In some respects, contemporary America is not all that different. It turns out that there is one group of Americans that receives high-quality government-subsidized child-care services, including day care, preschool, home-visiting programs, and health care: the US military. Unlike the Soviet version, these comprehensive programs aren’t designed to create obedient little soldiers. Instead, they use a play-oriented approach to help bring out children’s individual cognitive and social capacity. This may help explain why military children score higher on reading and mathematics tests than public school children, and why the black/white achievement gap is much lower in military families than it is in the general population.10 Since the military child-care program was created in 1989, the government has repeatedly declined requests to fund an in-depth evaluation, perhaps because if the effects were known, all Americans would demand these programs for their children too.
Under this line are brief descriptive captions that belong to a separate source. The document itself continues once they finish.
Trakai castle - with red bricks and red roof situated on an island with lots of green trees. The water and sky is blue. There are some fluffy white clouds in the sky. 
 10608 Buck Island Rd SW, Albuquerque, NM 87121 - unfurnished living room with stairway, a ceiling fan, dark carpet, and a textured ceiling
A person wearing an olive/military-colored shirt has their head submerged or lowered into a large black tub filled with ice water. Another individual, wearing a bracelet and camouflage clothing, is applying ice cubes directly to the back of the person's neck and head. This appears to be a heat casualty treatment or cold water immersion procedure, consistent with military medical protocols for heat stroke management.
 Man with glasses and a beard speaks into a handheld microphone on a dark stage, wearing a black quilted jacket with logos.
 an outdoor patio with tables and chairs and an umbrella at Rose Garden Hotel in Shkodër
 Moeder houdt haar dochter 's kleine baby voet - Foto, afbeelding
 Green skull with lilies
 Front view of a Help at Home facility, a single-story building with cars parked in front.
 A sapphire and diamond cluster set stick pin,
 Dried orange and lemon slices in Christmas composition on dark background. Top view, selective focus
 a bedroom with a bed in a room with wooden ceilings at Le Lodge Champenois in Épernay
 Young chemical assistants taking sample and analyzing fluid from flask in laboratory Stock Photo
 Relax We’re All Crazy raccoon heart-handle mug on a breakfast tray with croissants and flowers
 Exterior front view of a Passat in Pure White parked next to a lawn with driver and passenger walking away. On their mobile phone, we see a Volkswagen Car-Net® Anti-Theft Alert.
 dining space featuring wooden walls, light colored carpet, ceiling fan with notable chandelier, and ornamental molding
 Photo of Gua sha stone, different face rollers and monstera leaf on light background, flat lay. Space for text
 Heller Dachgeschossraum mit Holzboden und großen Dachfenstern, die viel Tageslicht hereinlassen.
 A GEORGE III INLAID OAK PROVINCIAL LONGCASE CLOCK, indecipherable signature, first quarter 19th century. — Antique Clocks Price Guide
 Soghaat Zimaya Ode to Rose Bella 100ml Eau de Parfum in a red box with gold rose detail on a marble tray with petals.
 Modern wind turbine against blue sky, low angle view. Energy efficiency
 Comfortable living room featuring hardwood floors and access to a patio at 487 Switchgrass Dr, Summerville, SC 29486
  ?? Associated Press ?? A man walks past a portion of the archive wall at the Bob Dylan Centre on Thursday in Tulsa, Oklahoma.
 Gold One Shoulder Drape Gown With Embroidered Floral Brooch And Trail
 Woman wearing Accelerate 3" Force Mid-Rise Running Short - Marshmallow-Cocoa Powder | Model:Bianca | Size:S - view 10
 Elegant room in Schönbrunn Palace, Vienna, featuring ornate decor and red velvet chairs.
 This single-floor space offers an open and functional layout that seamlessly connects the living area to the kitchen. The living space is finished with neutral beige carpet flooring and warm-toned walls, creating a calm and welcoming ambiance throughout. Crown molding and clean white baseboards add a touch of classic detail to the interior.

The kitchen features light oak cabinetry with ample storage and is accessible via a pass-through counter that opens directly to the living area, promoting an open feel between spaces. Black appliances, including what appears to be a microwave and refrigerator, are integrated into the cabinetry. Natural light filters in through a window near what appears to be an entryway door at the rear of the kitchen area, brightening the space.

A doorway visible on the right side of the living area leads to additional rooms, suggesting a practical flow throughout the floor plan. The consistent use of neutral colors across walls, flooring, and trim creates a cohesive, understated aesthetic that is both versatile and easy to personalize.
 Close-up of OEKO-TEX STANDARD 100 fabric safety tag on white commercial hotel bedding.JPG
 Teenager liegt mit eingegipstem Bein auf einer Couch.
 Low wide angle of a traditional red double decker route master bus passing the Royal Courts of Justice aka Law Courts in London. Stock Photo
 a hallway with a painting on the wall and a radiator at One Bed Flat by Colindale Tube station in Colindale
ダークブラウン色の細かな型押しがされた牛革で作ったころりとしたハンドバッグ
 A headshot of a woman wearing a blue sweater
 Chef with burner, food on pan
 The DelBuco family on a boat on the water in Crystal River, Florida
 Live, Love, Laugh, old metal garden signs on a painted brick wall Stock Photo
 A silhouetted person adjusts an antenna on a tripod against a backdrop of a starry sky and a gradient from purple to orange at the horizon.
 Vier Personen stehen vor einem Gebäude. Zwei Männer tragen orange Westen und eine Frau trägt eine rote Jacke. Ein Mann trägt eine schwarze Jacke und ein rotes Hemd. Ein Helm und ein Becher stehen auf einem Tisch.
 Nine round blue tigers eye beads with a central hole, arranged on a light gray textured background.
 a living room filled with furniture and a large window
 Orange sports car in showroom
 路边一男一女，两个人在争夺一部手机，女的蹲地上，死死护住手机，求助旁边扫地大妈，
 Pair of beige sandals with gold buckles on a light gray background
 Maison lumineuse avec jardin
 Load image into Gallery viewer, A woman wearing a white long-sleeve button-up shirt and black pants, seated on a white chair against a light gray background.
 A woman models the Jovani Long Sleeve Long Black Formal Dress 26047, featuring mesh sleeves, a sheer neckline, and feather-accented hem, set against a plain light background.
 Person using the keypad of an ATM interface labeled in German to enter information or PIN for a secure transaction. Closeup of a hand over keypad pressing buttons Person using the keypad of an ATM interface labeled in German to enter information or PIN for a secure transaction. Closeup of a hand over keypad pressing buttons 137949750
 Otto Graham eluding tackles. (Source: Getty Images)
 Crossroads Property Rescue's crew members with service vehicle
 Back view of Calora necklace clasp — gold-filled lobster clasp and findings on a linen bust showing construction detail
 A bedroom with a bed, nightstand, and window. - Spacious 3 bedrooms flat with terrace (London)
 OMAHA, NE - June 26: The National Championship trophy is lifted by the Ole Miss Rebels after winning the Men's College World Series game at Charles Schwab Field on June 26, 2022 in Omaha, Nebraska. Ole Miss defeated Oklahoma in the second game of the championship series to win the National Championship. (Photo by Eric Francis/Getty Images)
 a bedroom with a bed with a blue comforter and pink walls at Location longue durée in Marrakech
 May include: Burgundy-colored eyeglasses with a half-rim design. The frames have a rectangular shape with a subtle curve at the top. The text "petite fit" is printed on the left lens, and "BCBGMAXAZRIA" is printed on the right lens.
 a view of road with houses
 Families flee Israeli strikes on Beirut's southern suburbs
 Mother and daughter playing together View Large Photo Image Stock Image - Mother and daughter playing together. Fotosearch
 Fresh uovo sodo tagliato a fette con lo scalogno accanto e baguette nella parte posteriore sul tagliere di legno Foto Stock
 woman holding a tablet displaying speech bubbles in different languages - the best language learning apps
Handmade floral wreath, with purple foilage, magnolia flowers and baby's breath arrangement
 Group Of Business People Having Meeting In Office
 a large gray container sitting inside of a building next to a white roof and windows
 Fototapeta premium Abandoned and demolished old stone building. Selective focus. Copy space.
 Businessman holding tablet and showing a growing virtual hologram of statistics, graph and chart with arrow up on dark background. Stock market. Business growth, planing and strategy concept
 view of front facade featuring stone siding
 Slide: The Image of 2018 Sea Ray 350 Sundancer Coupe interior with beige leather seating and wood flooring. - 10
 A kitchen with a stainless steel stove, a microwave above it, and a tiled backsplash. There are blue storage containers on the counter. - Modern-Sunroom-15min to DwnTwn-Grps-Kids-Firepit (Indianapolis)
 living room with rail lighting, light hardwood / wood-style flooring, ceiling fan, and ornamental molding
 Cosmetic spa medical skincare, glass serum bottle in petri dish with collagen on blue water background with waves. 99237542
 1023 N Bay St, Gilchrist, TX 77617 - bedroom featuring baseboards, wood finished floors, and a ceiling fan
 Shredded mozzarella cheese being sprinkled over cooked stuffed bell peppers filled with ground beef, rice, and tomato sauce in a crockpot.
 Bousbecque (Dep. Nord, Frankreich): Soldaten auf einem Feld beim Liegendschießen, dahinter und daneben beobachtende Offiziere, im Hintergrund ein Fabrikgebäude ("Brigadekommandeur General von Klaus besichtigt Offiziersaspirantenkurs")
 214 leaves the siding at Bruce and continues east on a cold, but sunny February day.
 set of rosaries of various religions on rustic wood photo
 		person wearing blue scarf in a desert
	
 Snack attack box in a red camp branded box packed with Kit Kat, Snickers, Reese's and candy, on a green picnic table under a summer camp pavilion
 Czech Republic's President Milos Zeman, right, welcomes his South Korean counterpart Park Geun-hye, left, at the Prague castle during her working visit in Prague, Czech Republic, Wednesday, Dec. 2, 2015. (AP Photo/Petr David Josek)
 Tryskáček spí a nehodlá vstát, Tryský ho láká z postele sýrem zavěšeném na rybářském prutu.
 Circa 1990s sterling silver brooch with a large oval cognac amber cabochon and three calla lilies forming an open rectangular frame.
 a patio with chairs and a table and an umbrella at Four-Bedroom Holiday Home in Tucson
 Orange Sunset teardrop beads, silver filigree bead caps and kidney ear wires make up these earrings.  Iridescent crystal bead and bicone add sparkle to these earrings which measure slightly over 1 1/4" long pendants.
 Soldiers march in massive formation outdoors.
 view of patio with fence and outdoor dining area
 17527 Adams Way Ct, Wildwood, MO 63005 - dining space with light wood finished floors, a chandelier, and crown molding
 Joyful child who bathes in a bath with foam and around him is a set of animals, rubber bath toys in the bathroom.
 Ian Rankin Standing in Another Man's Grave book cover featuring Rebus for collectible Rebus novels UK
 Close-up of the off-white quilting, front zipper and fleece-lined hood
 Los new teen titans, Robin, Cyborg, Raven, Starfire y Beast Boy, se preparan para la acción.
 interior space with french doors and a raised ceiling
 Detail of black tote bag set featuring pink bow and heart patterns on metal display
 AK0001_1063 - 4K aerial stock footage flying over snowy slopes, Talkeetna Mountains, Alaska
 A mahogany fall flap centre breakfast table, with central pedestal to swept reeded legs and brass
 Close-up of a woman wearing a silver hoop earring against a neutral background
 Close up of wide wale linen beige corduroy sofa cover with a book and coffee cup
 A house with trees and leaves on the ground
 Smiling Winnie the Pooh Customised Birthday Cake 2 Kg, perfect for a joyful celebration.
Baker appears to have destroyed all her personal papers, so little is known about her life except what’s in her memoir. After retiring from the Bureau of Child Hygiene, she lived in Princeton, New Jersey, with the novelist and Hollywood scriptwriter I.A.R. (Ida) Wylie, who was the author of more than a dozen romantic novels, many of which were adapted for film, including Torch Song with Joan Crawford and Keeper of the Flame with Spencer Tracy.

The witty, detached, sometimes hilarious but always morally decent tone of Fighting for Life resembles Wylie’s own memoir, My Life with George.11 Although the books tell totally different stories, some phrases, including “fighting for life,” appear in both, and it’s likely that Wylie ministered to Baker’s prose. Their third roommate was Louise Pearce, a Rockefeller University scientist who helped invent the cure for sleeping sickness and then traveled alone to the Belgian Congo in 1922 to test it. Around Princeton they were referred to as “the girls,” but otherwise, gossip appears to have been restrained. They must have been wonderful to know. Read the first page of Fighting for Life and you’ll see.